(Collected data entries)
==============================

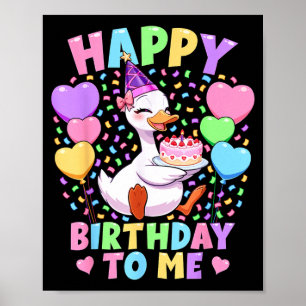 Affiche T-shirt d'anniversaire de fille d'oie idiote joyeu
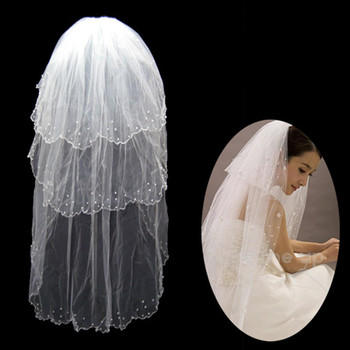 3 Layers Tulle Wedding Veil with Beading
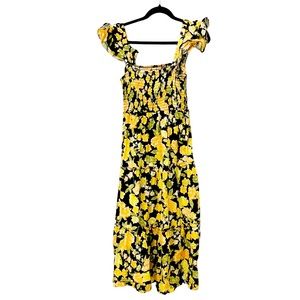Sugarlips cotton black & yellow floral Midi dress Women’s Size M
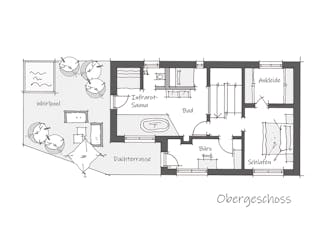 Fertighaus Musterhaus Aviva von Wolf System, Pultdachhaus Grundriss 2
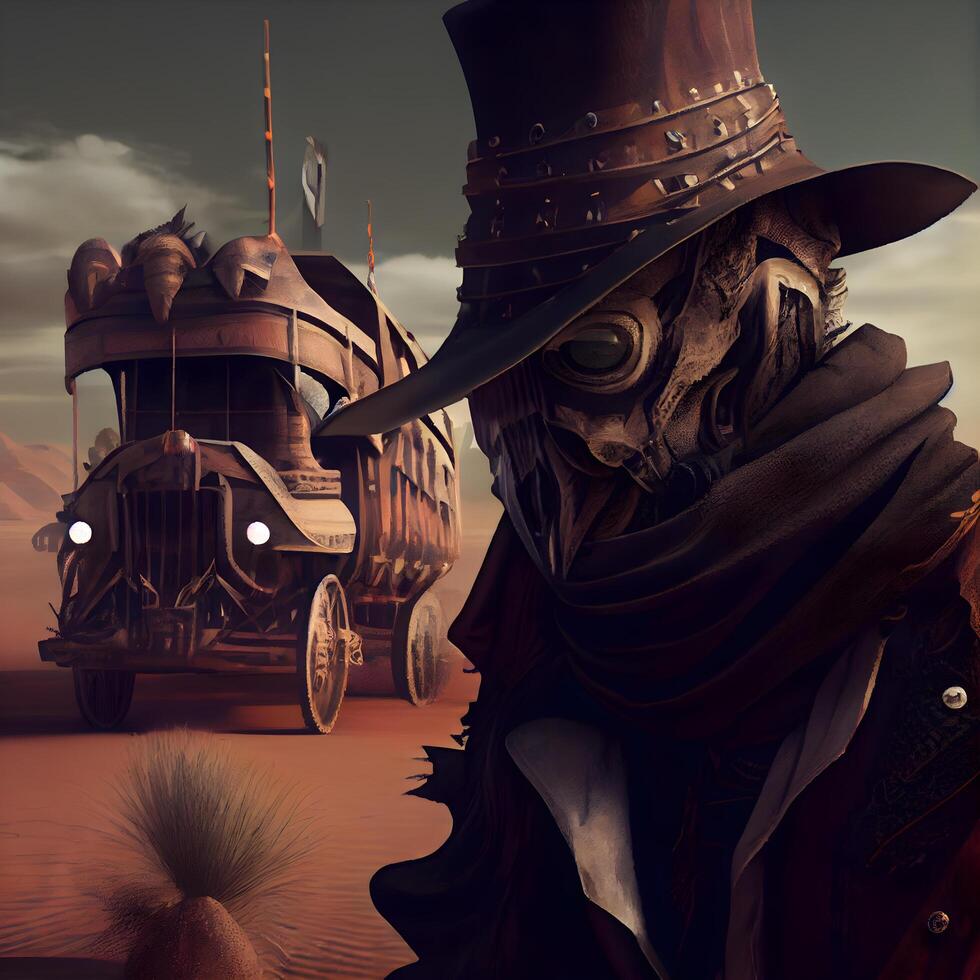 3d Illustration von ein Steampunk Mann tragen ein Hut und Mantel, ai generativ Bild foto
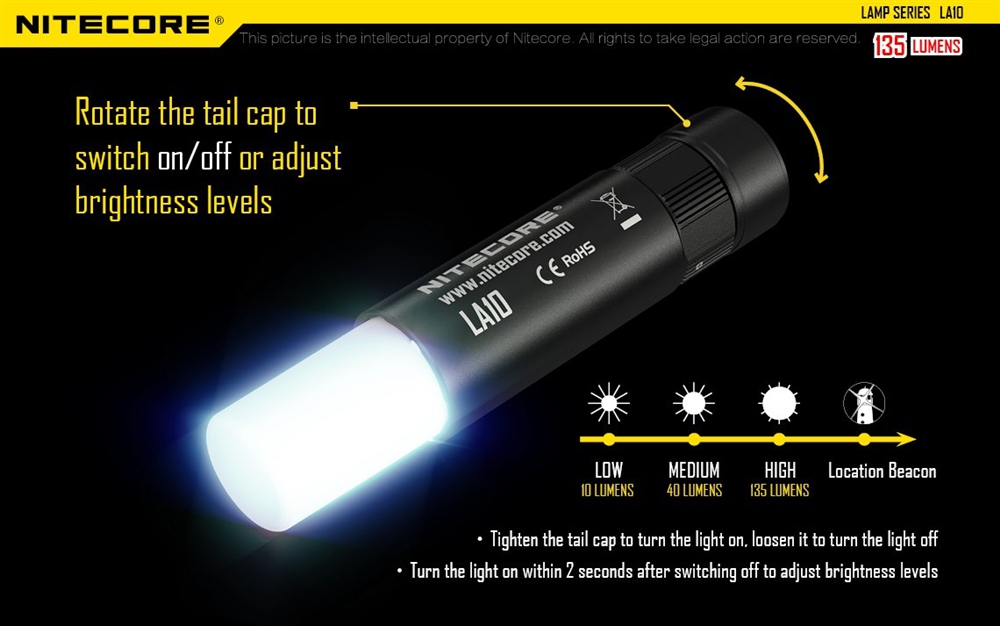 Lanterns NITECORE LA10 135 Lumen Camping Lantern LED Flashlight - Image 5
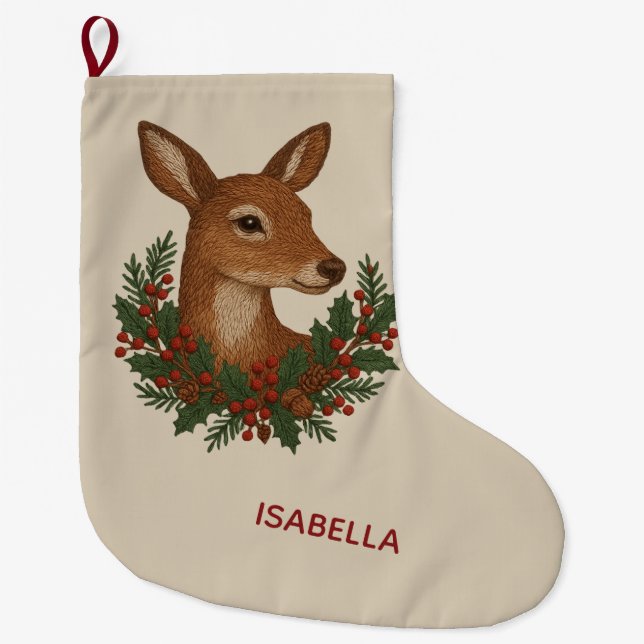 Rustiska broderier Hjort & Helgdag christmas Stor Julstrumpa (Framsidan)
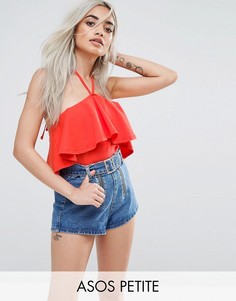 Боди халтер с оборкой ASOS PETITE - Оранжевый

==============================

- _WHAT IS BEING ASKED_: Please copy the lines above, starting at the one that holds "Fertighaus Musterhaus Aviva" and stopping after the last line, exactly as they appear and minus the pictures.

- _ANSWER AREA_:
 Fertighaus Musterhaus Aviva von Wolf System, Pultdachhaus Grundriss 2
 3d Illustration von ein Steampunk Mann tragen ein Hut und Mantel, ai generativ Bild foto
 Lanterns NITECORE LA10 135 Lumen Camping Lantern LED Flashlight - Image 5
 Rustiska broderier Hjort & Helgdag christmas Stor Julstrumpa (Framsidan)
 Боди халтер с оборкой ASOS PETITE - Оранжевый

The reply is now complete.